A pagina 90 di un romanzo poliziesco ho trovato una
poesia di una poetessa cinese vissuta fra il XIII e il XIV secolo. Mi piace
molto il numero 90, per un calcolo tutto mio che non ho alcuna intenzione di
svelarvi. E comunque lo trovo esteticamente perfetto: contemporaneamente
lezioso, sensuale e austero. Elegante. Chissà perché lo hanno identificato con
il concetto di paura.
Avrebbero
dovuto associarlo all'armonia. E alla poesia, anche se io non amo il genere
letterario: trovo che la prosa spesso sia più poetica. E non sopporto quelli
che si atteggiano a poeti mettendo quattro rime insulse in fila o usando parole
che puzzano di muffa: puoi farlo fra i 13 e i 15 anni al massimo. Dopo, sei
solo un coglione. A meno che tu non ti chiami Dante Alighieri, Giacomo
Leopardi, Jacques Prévert, Rainer Maria Rilke, o non sia uno di quei pochi
cantautori (poeti) eccelsi che sanno esattamente in quale millimetro quadrato
del mio corpo e dei miei pensieri mi si avvita un brivido.
E a meno che
tu non ti chiami Guan Daosheng, poeta e pittrice cinese vissuta fra il 1262 e
il 1319, la cui poesia - quella trovata a pagina 90 - è un tale sapiente
miscuglio di sensualità, modernità e armonia da essere bella come fosse prosa.
Tu e io
Tu e io
siamo davvero pazzi
uno
dell'altra,
caldi
come il fuoco del vasaio.
Dallo
stesso pezzo
di
argilla, la tua forma,
la mia
forma.

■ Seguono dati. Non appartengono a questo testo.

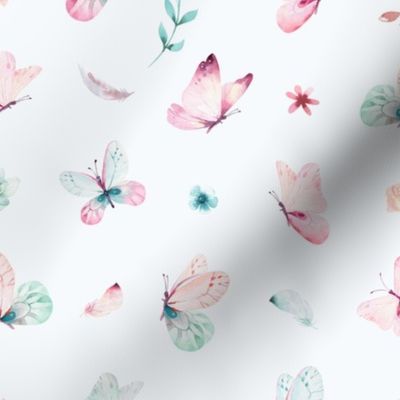 Watercolor pattern with flowers and butterflies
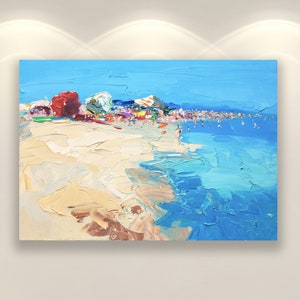 Beach Scene Print on Canvas or Paper, Modern Coastal Wall Art for Living Room, Home Decor and Unique Gift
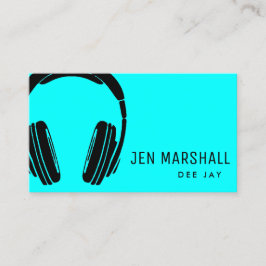 Neon blue dj visitenkarte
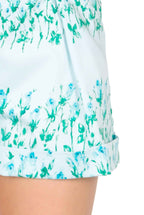 Pantaloncini in cotone a righe floreali
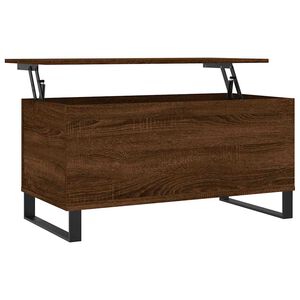 vidaXL Mesa de centro madera contrachapada roble marr&oacute;n 90x44,5x45 cm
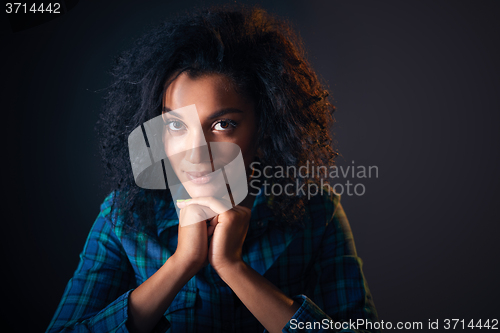 Image of Close up portrait of african american woman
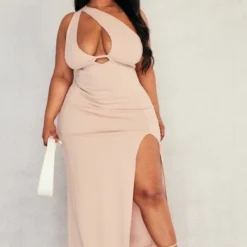 Plus Robe Longue Gris Pierre Découpée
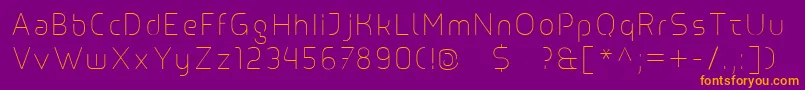 Line Font – Orange Fonts on Purple Background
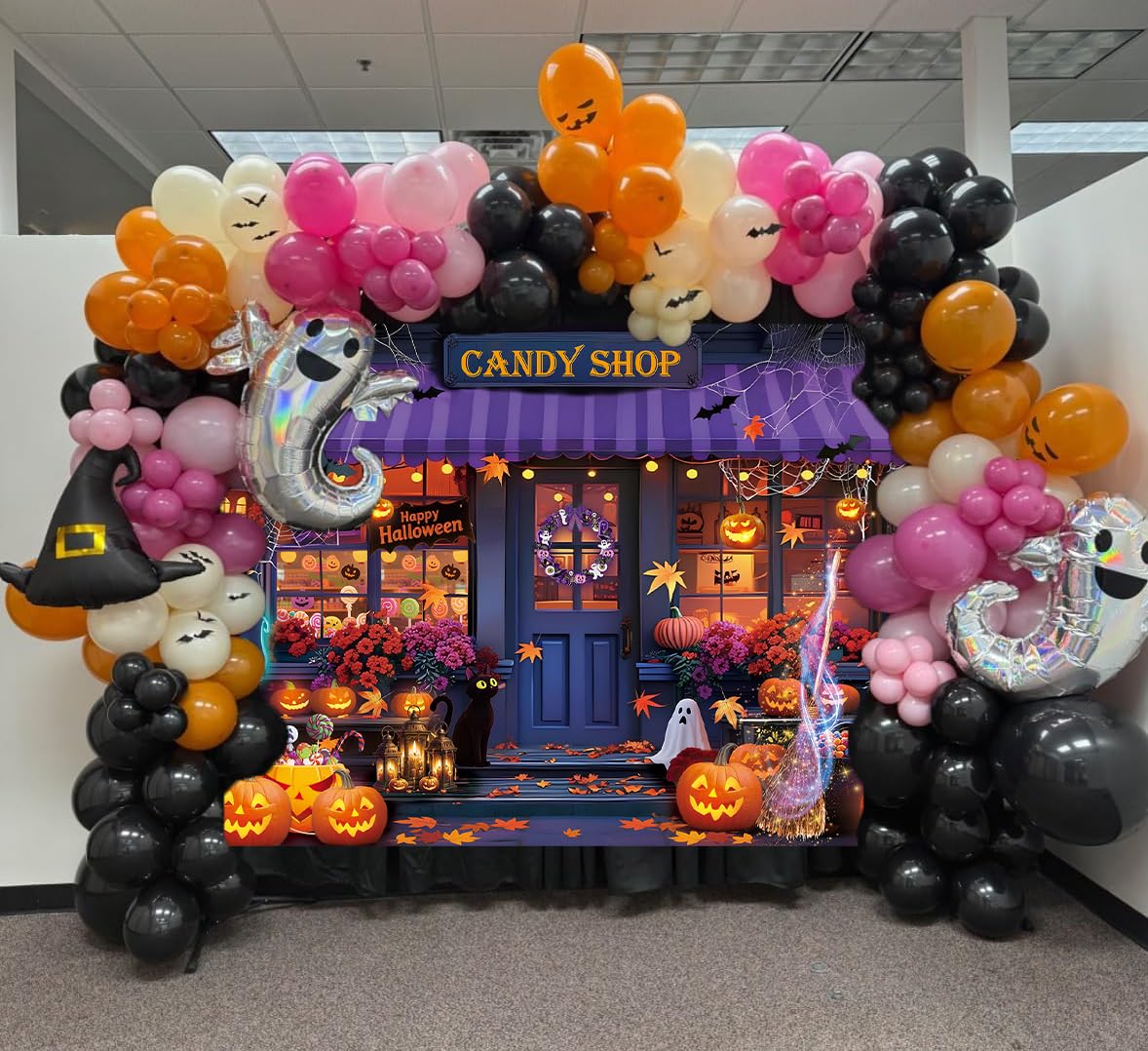Halloween Candy Shop Backdrop Magic Witch Pumpkin Shop Maple Leaves Photography Background Halloween Pumpkin Lantern Night Theme Party Decorations Banner (8X6FT(94 x 70 inch))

Ci schiaccia di nuovo
facendoci
ridiventare argilla, la mescola
con
acqua, riplasma
te e
riplasma me.
E così io
ho te nel mio corpo,
e anche
tu avrai me nel tuo, per sempre.
Purtroppo non
ho trovato molte notizie e nemmeno un'antologia di questa poetessa (se non in
altre lingue), ma adesso so che ogni pagina 90, per essere perfetta,
meriterebbe la plasticità idilliaca di due corpi che si fanno uno con parole
semplici: prosa poetica, armoniosa e creativa come fosse argilla.